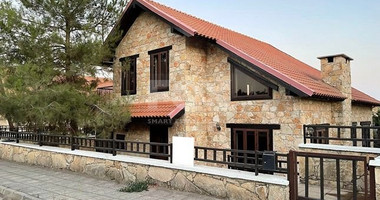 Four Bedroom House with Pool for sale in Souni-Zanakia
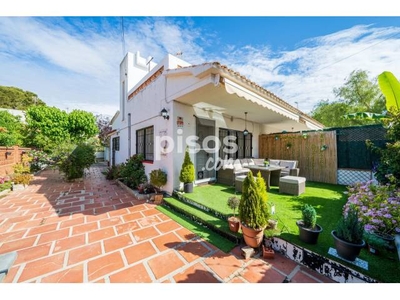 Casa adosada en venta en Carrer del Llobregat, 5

--

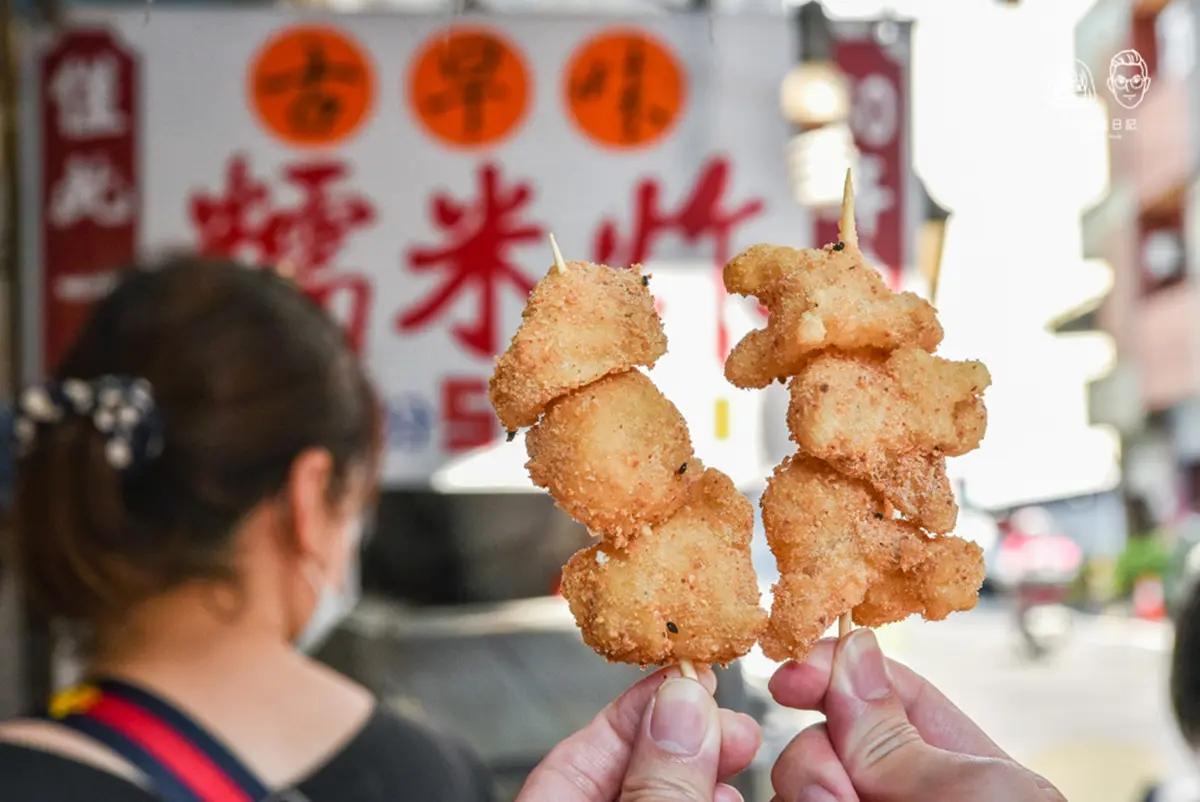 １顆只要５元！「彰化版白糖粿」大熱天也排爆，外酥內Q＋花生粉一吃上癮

* TASK REQUIREMENTS
Copy word for word the span of the records above that begins at the line with "Four Bedroom House" and ends at the line with "Casa adosada en", including those two lines but not the pictures.

* RESULT FOR THIS TASK
 Four Bedroom House with Pool for sale in Souni-Zanakia
 Casa adosada en venta en Carrer del Llobregat, 5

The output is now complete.